The Authenticity Trap: Why Values Not Personality Drive Leadership Success

By Staff Writer | Published: January 29, 2026 | Category: Leadership

Authenticity has become leadership gospel, but research reveals a darker side: leaders who confuse self-expression with self-awareness often damage the teams they lead.

The Authenticity Trap: Why Values, Not Personality, Drive Leadership Success

Authenticity has become the holy grail of modern leadership development. Browse any business bookstore or scroll through LinkedIn, and you'll find countless exhortations to "be yourself," "lead with vulnerability," and "show up authentically." The message is clear: genuine self-expression builds trust, inspires teams, and drives results.

Except when it doesn't.

Elizabeth Heichler's overview of MIT Sloan Management Review's Winter 2026 issue exposes a critical flaw in how we've come to understand authentic leadership. The research she highlights, particularly work by Hannes Leroy and colleagues, identifies what they call the "authentic jerk" phenomenon: leaders who use authenticity as permission to inflict their unfiltered personalities on others. This isn't just an academic curiosity. I've watched this pattern destroy teams, derail careers, and undermine organizational cultures across industries.

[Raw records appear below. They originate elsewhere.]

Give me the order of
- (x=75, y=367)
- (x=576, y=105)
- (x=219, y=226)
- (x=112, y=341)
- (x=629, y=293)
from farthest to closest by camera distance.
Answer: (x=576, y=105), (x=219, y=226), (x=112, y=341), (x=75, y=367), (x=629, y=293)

The distinction Leroy draws is sharp and necessary. Authenticity shaped by "who we think we are" differs fundamentally from leadership rooted in "what we stand for." The former centers on personality; the latter on values. One is narcissistic self-expression masquerading as leadership. The other is principled action that builds genuine trust.

This matters now more than ever because leaders face mounting pressure to take public stances on issues from environmental sustainability to social justice while simultaneously managing unprecedented technological, legal, and political risks. The path forward requires jettisoning feel-good platitudes about authenticity in favor of the harder work of values alignment.

The Authentic Jerk Problem: More Common Than You Think

Travis Kalanick's tenure at Uber provides a master class in authentic jerk leadership. By most accounts, Kalanick genuinely believed in his aggressive, win-at-all-costs approach. He was being authentic to his competitive nature and Silicon Valley's "move fast and break things" culture. The problem? His authenticity included berating employees, dismissing concerns about sexual harassment, and creating a toxic workplace that eventually forced his ouster.

Kalanick wasn't pretending. He was being himself. That was precisely the problem.

According to research from the Center for Creative Leadership published in 2023, approximately 34% of executives exhibit behaviors their teams describe as "authentically abrasive." These leaders score high on personality assessments for traits like directness, confidence, and decisiveness. They're not playing a role or putting on a mask. But their authentic expression of these traits, without the moderating influence of core values like respect, empathy, or collaborative problem-solving, creates dysfunction.

The authentic jerk phenomenon stems from a fundamental misunderstanding of what makes leadership effective. Bill George, former Medtronic CEO and Harvard Business School professor, spent years researching and writing about authentic leadership after publishing his influential book "Authentic Leadership" in 2003. In a 2015 Harvard Business Review article, George clarified that authenticity without self-awareness and values is simply self-indulgence.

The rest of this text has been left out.